[Data block — start]
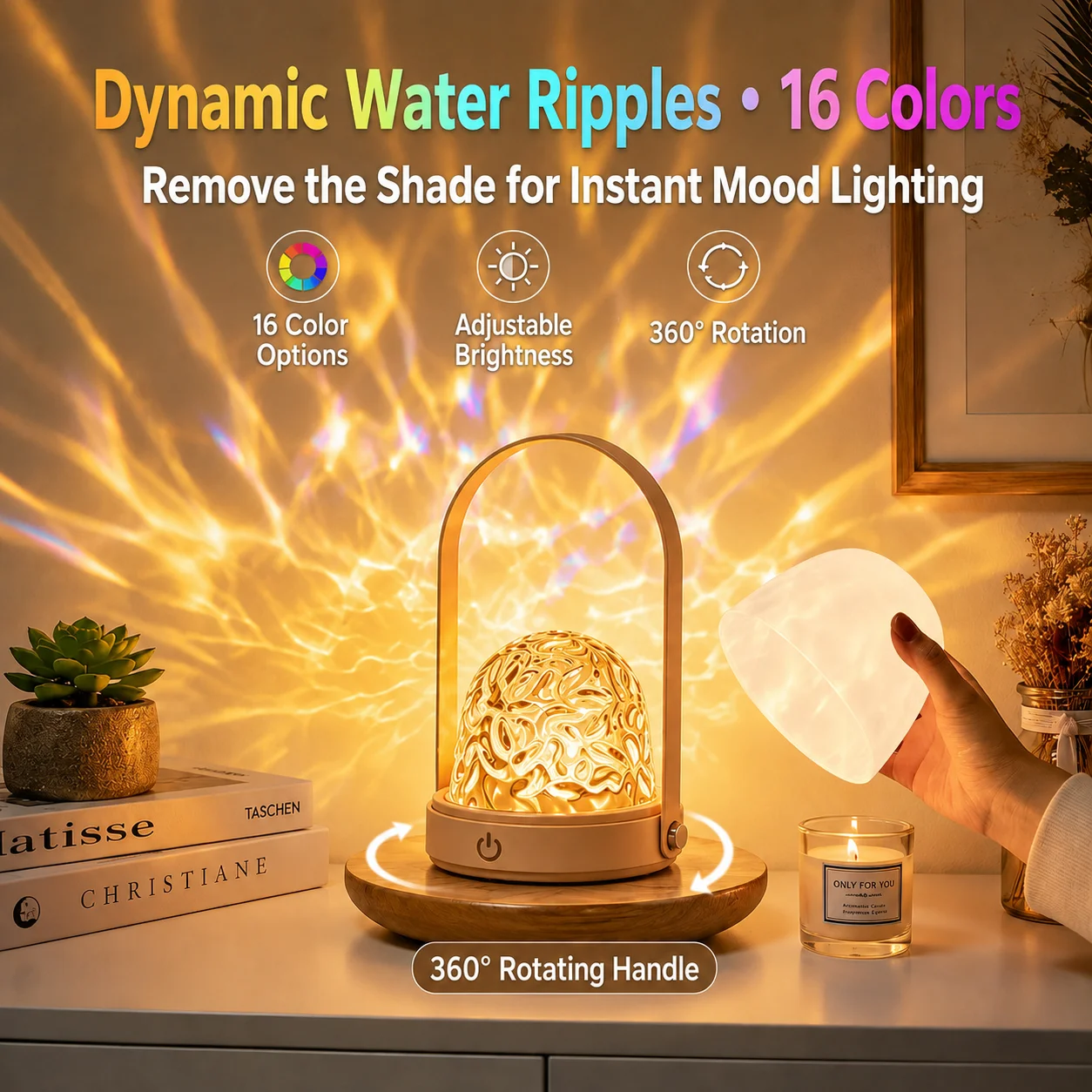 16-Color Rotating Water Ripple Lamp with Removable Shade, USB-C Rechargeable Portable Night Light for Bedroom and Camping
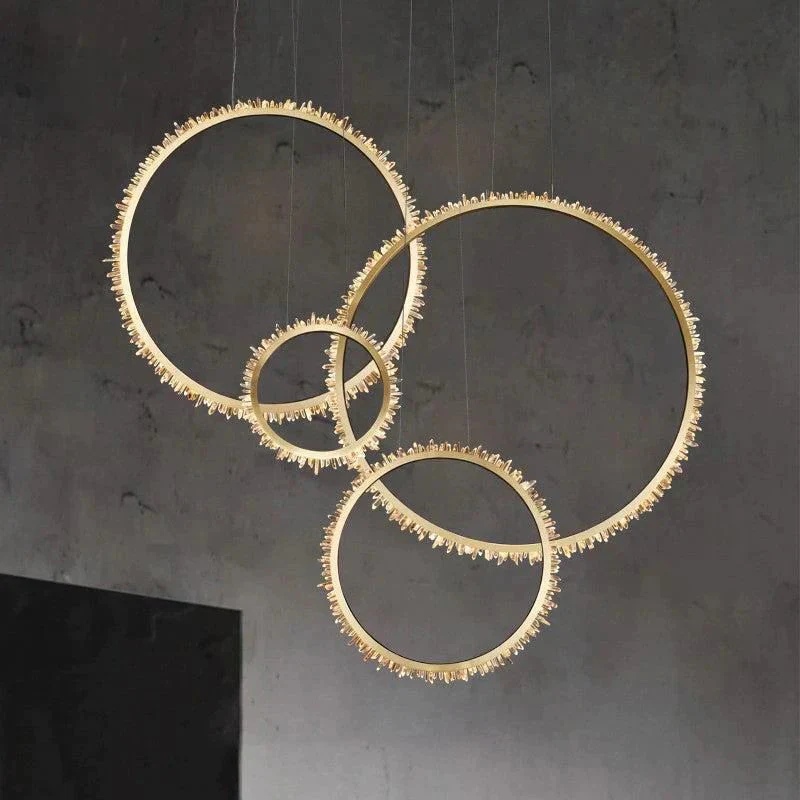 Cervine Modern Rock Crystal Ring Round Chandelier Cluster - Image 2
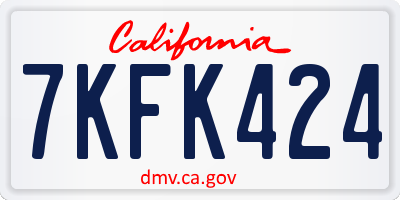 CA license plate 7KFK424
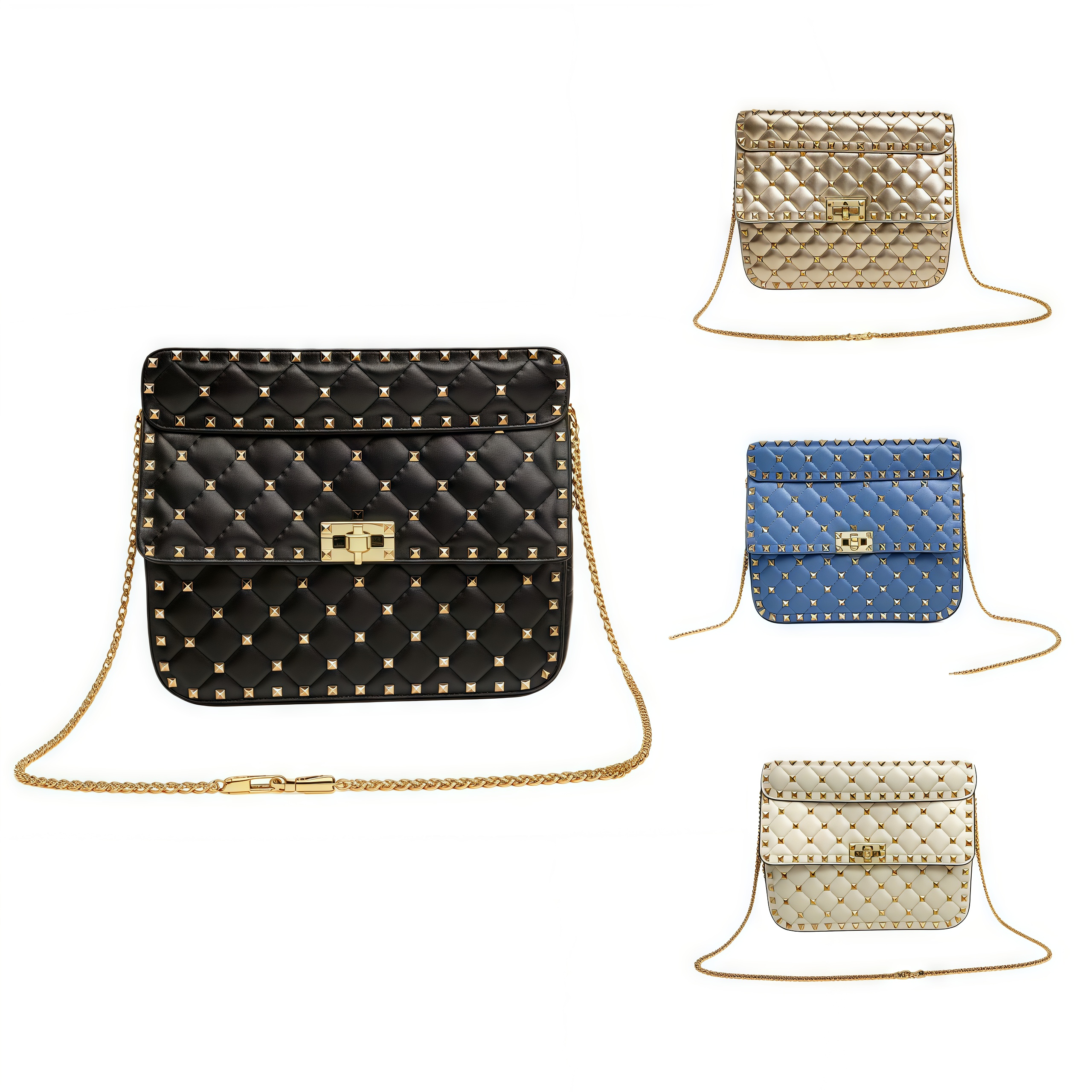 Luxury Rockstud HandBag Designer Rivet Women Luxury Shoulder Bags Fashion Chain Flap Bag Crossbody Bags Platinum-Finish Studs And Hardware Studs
[Data block — finish]
Exact copy, pictures excluded: repeat the lines from the top of the material through the line with "CA license plate 7KFK424".

 16-Color Rotating Water Ripple Lamp with Removable Shade, USB-C Rechargeable Portable Night Light for Bedroom and Camping
 Cervine Modern Rock Crystal Ring Round Chandelier Cluster - Image 2
 CA license plate 7KFK424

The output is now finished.